And don’t forget wind direction and velocity.
30K wind directly down the runway is a huge difference from a dead calm.
And dead calm at 100F vs 30K at 15F.....
Geese hit the engines by sheer luck. A cloud of small drones blanketing the departure path might get a large jet but one drone in the constantly varying flight path is not going to happen.
The drone operator would have to know the numbers for each model aircraft, TO weight, effect of wind, temp, field elevation, pressure...and then would have to be able to control the drone so as to have it in the exact spot required....
It would be easier to put 200 drones in the departure corridor and destroy more than one engine.
“The drone operator would have to know the numbers for each model aircraft, TO weight, effect of wind, temp, field elevation, pressure...and then would have to be able to control the drone so as to have it in the exact spot required....”
True, and entirely within the capacity of, for example, the planners of 9-11.
I would expect a terrorist to focus on one and only one high value airframe for a particular attack plan (a particular 747-200B comes to mind, to start with, but that would be a “hard target”). Multiple attack variables could be programed into the control station of the drone and at the last minute the variables for a particular airframe could be sent to the drone.
If a person reads down the whole blog and goes to the supporting links and videos, I think this kind of attack will be seen as more feasible.

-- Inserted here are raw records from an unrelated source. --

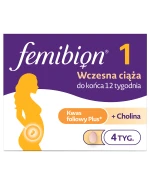 Femibion 1 Wczesna ciąża, 28 tabletek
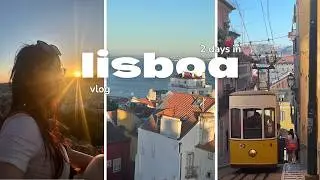 2 days in lisboa travel vlog - funicular tram, s&atilde;o jorge castle, pra&ccedil;a do com&eacute;rcio, bel&eacute;m and walks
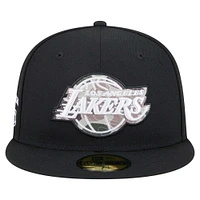 Men's New Era Black Los Angeles Lakers Camo Print UV 59FIFTY Fitted Hat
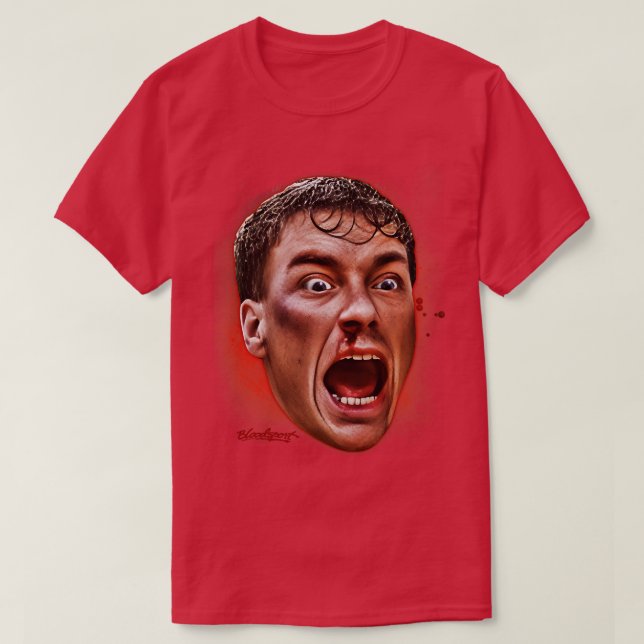 Camiseta CARA del deporte de sangre (Diseño del anverso)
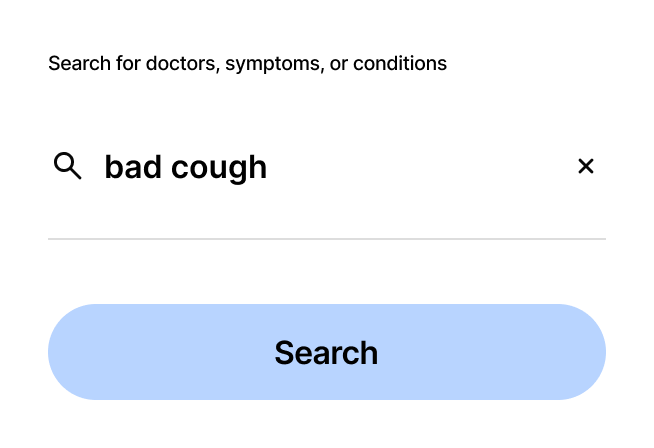 Manage patient registration with clinical symptom gathering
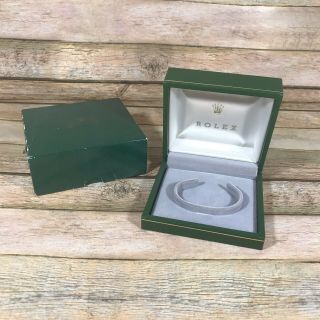 Vintage Rolex 60 - 70’s Oyster Watch Green Box And Case Htf Rare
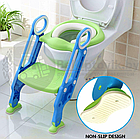 Детское сиденье накладка на унитаз с лестницей Potty Training Seat/ мягкое сидение  Розовый, фото 4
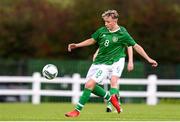 17 October 2019; Sam Curtis of Republic of Ireland during the Under-15 UEFA Development Tournament match between Republic of Ireland and Latvia at Solar 21 Park, Castlebar, Mayo. Photo by Eóin Noonan/Sportsfile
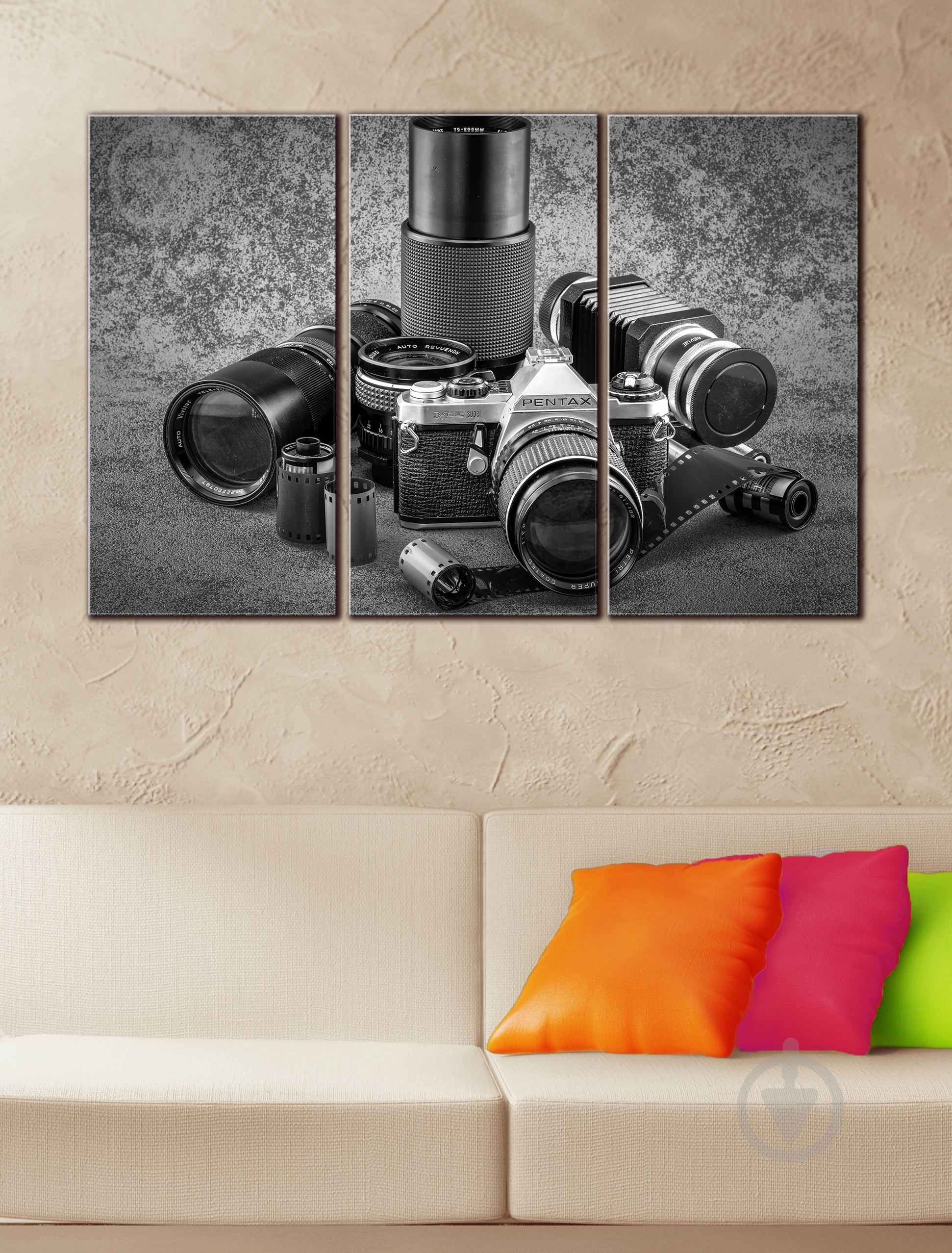 ᐉ Картина модульна Ретро фотоапарат 84x56 см Hotel Arizona HD CVS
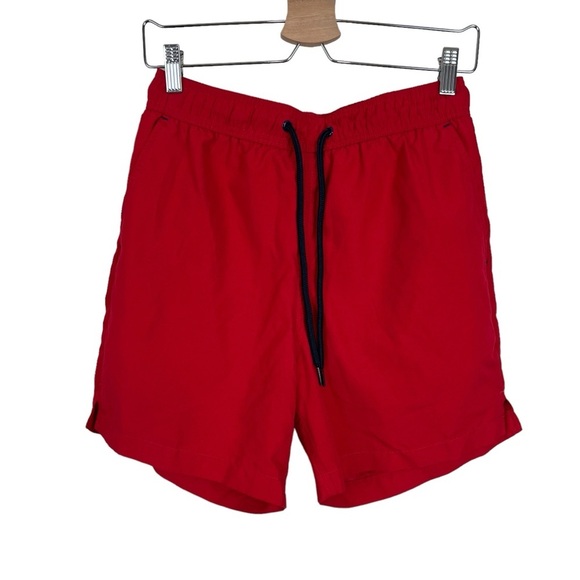 George Pair of Swim Shorts in Blue and Red Men's Size Small 28 - 30 - Picture 1 of 7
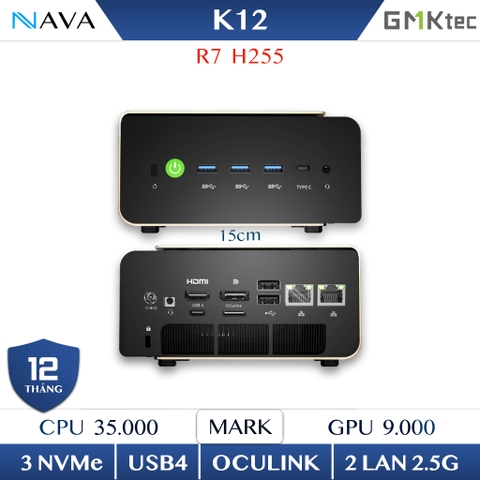 Mini PC GMK NUC BOX K12 R7 H255
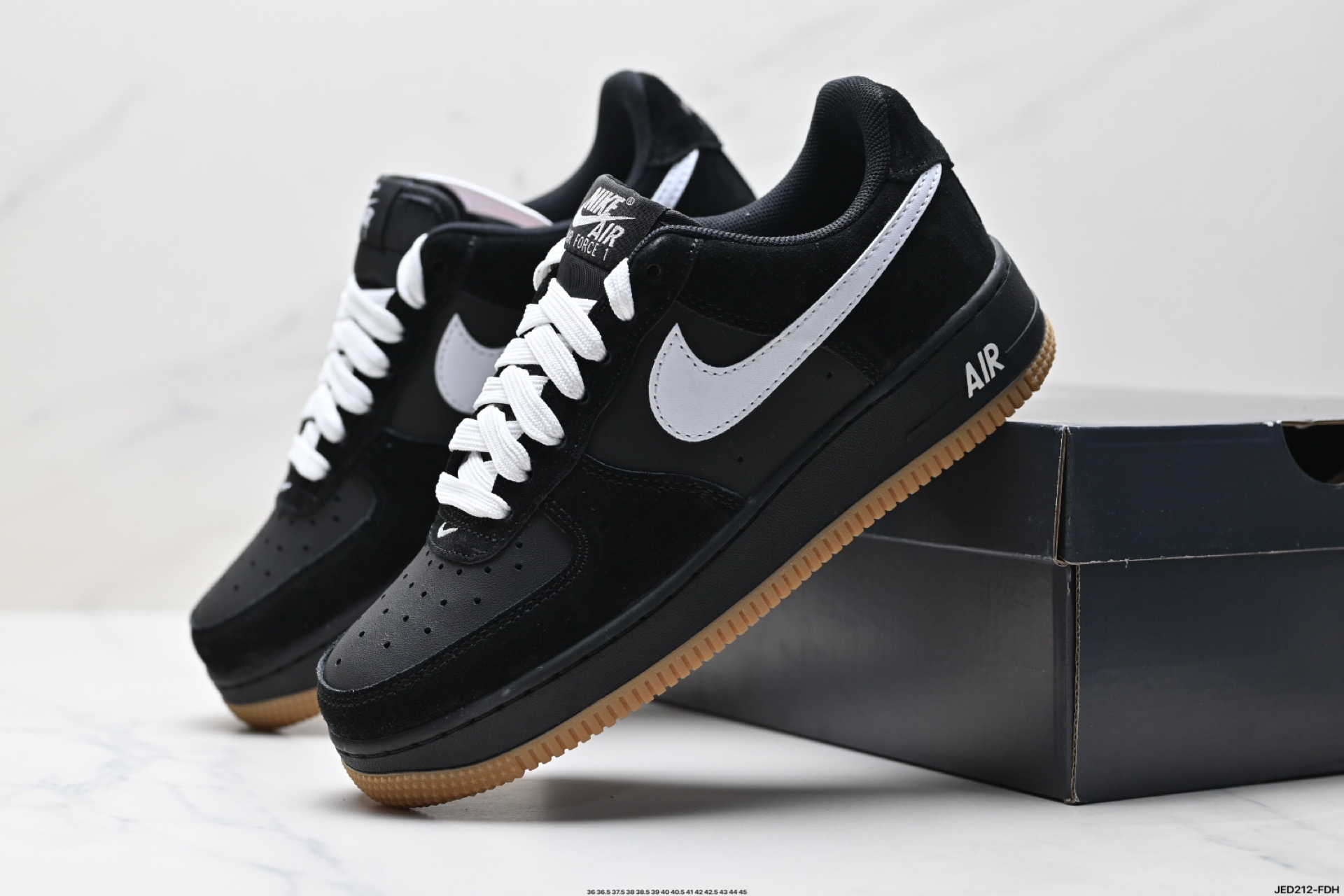 Nike Air Force 1 '07: Black & White Low-Top Sneakers - Casual & Stylish 9 i1746549840258 7385 0 7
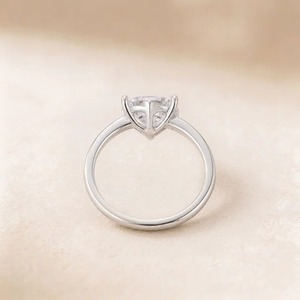 Anillo de Compromiso de Dos Piedras con Diamante Cultivado en Laboratorio de Corte Pera de 1.85CT en Oro Blanco de 9K, Joyería Fina Personalizada para Mujer - Product Image 6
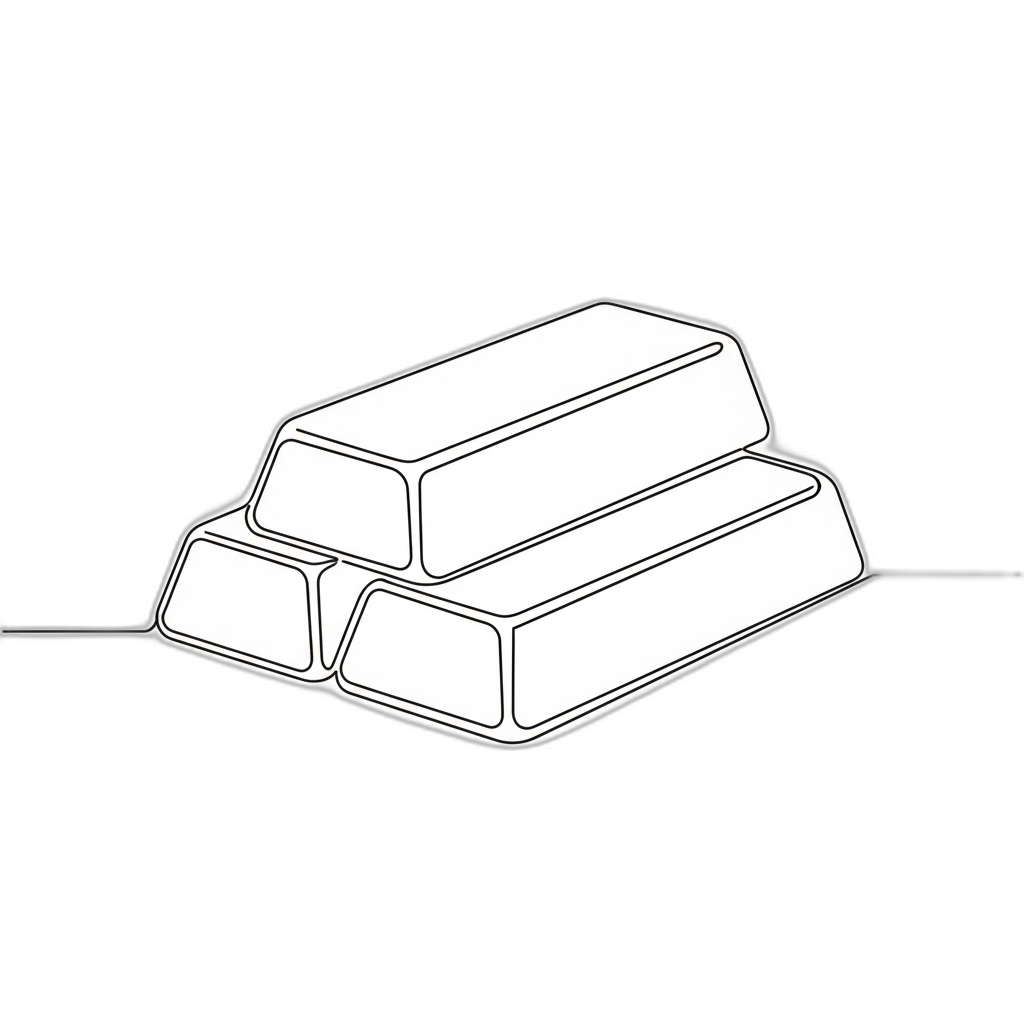 5 oz Silver Bars Appraisal Cartoon Image from AppraiseItNow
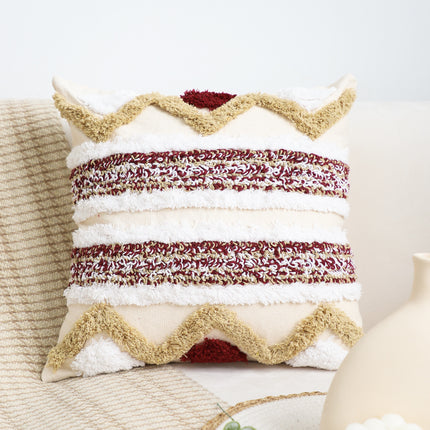 Geometric Art Cushion | Square Throw Pillow for Sofa & Bay Window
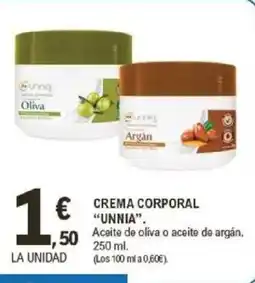 E.Leclerc IFA UNNIA Crema corporal oferta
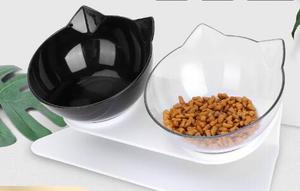 15 ° rialzato doppio Pet ciotole per <span class=keywords><strong>gatto</strong></span> e cane facile e sano collo vertebra cibo alimentazione potabile con supporto - Product Image 5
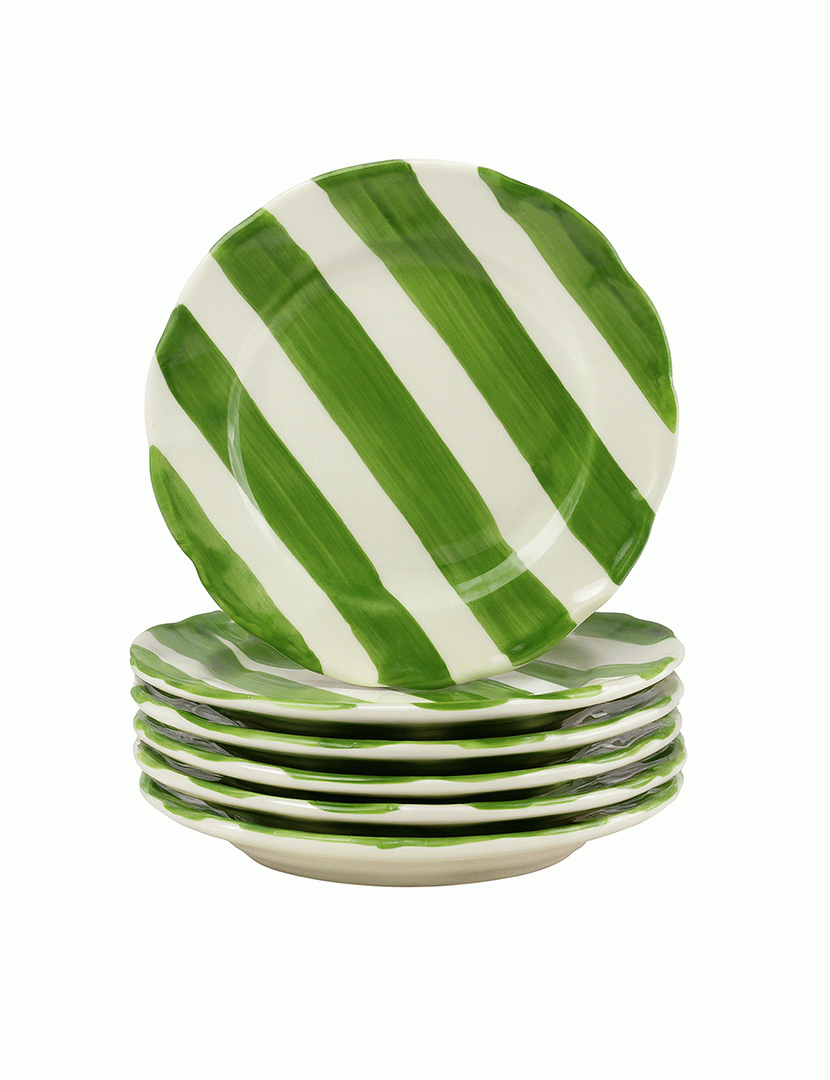 Conjunto 6 Pratos Sobremesa Dolcevita Nastro Verde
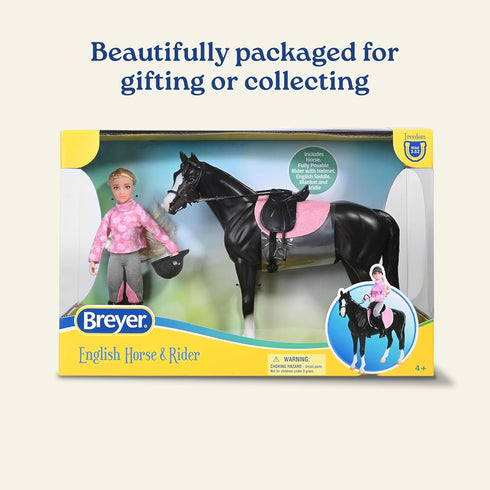 1:12 #61156 Breyer Freedom Series English Horse and Rider Figurine - Premium Scale Collectible Horse Toy - Educational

The FBI and an NTSB investigator certainly thought making such an attack in the air in three dimensions miles from the airport in a Landing Approach Kill Zone (LAKZ...blog pending) as can be seen at the bottom of my opening comment to JR.
Yep. The only way I see a drone operator hitting an engine of a 747 is with visual guidance and with some luck still. Doable but there are far more effective and less risky means to harm airplanes in Afghanistan.